My heart weeps for what is going on here in Saint Louis, but it equally weeps for people in Gaza, Israeli’s in Israel so afraid of a few that they feel they have to resort to bombing the many, a million of Iraqi’s fleeing for their lives, for people in Liberia and Sierra Leone who are fighting an incurable disease and out of fear attack relief workers, for a plane full of travelers that gets shot down over the Ukraine because… well nobody knows exactly why.And it weeps equally for the loss of Robin Williams, because for me all those things are connected. And I have heard people say that there are bigger things at play here, and indeed the injustice, structural inequality, and racism experienced on a daily basis seem incongruent to the death of a comedian… And yet, for me what they all have in common is the fact that after thousands of years of ‘civilization’ we still struggle with our humanity.
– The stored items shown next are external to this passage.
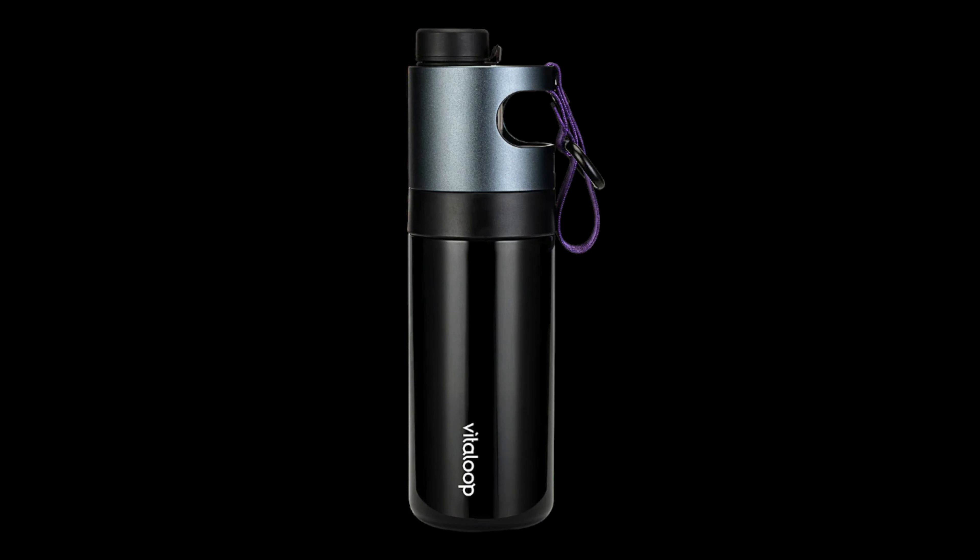Hey, what's up? Mark here from the Backpacking Gear Net and today we're going to talk about the Vitaloop Outdoor Water Filtration Bottle. For full disclosure, they sent me the bottle for free. I didn't have to pay for it and I'm not getting paid to make this.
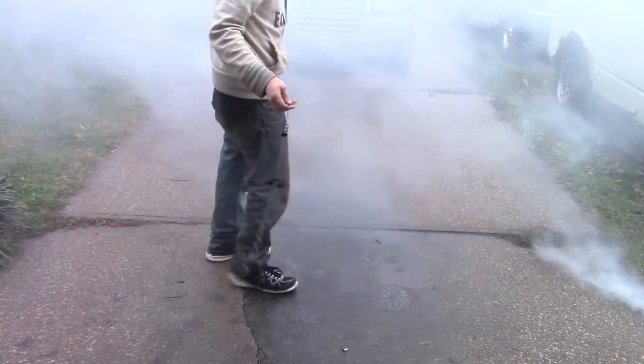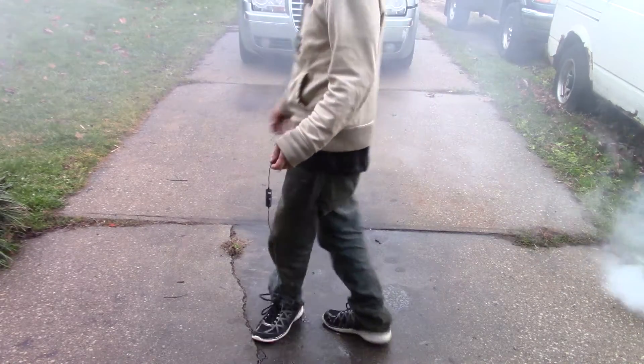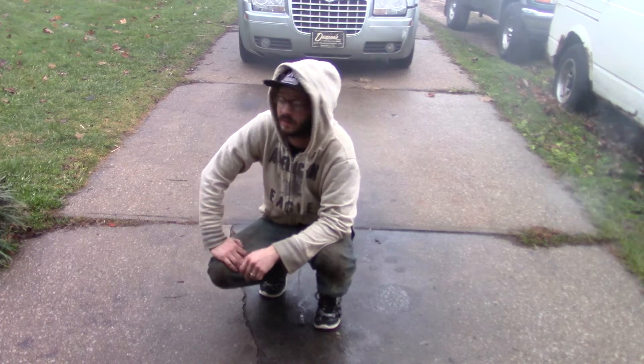Whoo! It had a nice kick to it compared to the other ones. It's a little breezy out, otherwise you'd have been able to see kind of how much it filled up my garage last night when I did it.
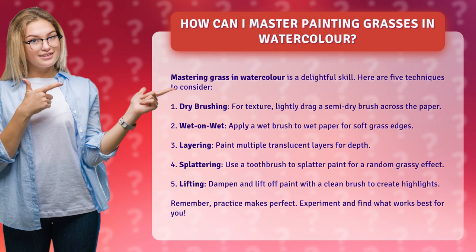5. Lifting. Dampen and lift off paint with a clean brush to create highlights. Remember, practice makes perfect. Experiment and find what works best for you.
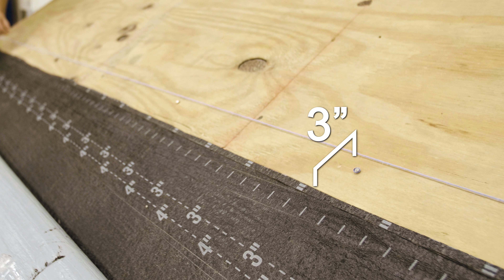Remember, if installing a 15 or 20-year system, one layer of SA base sheet is required under the SA cap sheet flashing membrane. It is best to use a full-width sheet at the transition to eliminate a seam occurring on the slope under the shingles.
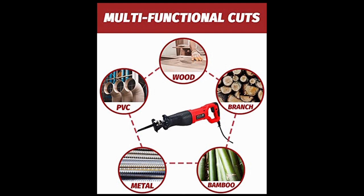It's multifunctional — the two blades let you cut PVC, metal, bamboo, coarse wood, and a lot of different things. It's very versatile.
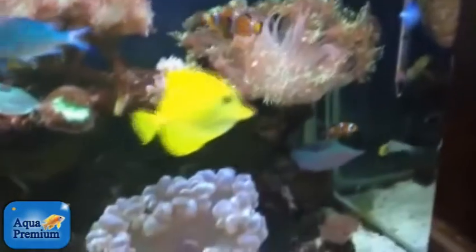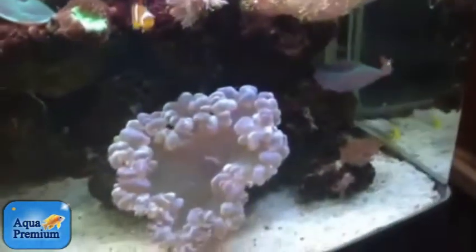Obviously with an all-in-one aquarium like this, the only reason she doesn't have a skimmer is because it would be really inconvenient.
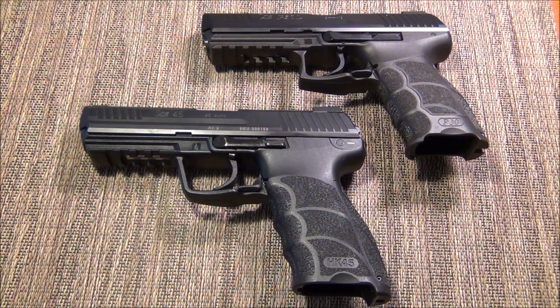The easy answer is your preferred HK handgun with the LEM system, not jumping platforms. So if you are a USP guy, stick with USPs — do the super cool hybrid LEM match or just do the LEM. Give that a shot because you're already used to the platform.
People who value humanity don’t blow innocent people out of the sky, they don’t kill you because you believe differently than they do, they don’t shoot you because your difference represents an automatic threat, they don’t switch from ‘protect and serve’ to ‘waging war’ at the first sign of trouble. And I know it sounds simple, but to me that’s what it boils down to. We are struggling to affirm our humanity and fall back on easy excuses to deny others theirs. And when even a person so gifted and brilliant to spread joy to millions of people all over the world is unable to affirm his own humanity, then where are we? It is theorized that the Ebola virus comes from bats, whose habitats have been so encroached by humans, and that these bats who are normally human shy are forced to come in contact with us because of our own doing. It is a theory and there are many variations, but the bottomline here is that our disregard to humanity is not limited to our human neighbors but to our co-planet inhabitants as well, and it is kicking us in the butt. We have been looting, rioting, killing, raping, trespassing, encroaching for thousands of years. When are we going to do better? When do we stop using exuses like “well he/she looked different, sounded different, believed different, acted different…” as a justification to harm someone or something or some species? Newsflash, there is no them, there is only us and some of us. We are all in this together from mountaintops in KY, to fruit bats in Guinee, to the streets in Saint Louis. And so I disagree that it is about the big things, I think it is about the small things, about affirming our humanity every minute of every day. How do you speak, think, treat your neighbor as well as your self. What do you stand for? Do your actions represent what you know in your heart to be right, or are there more excuses? We know enough, we’ve been around enough. Let’s do something different.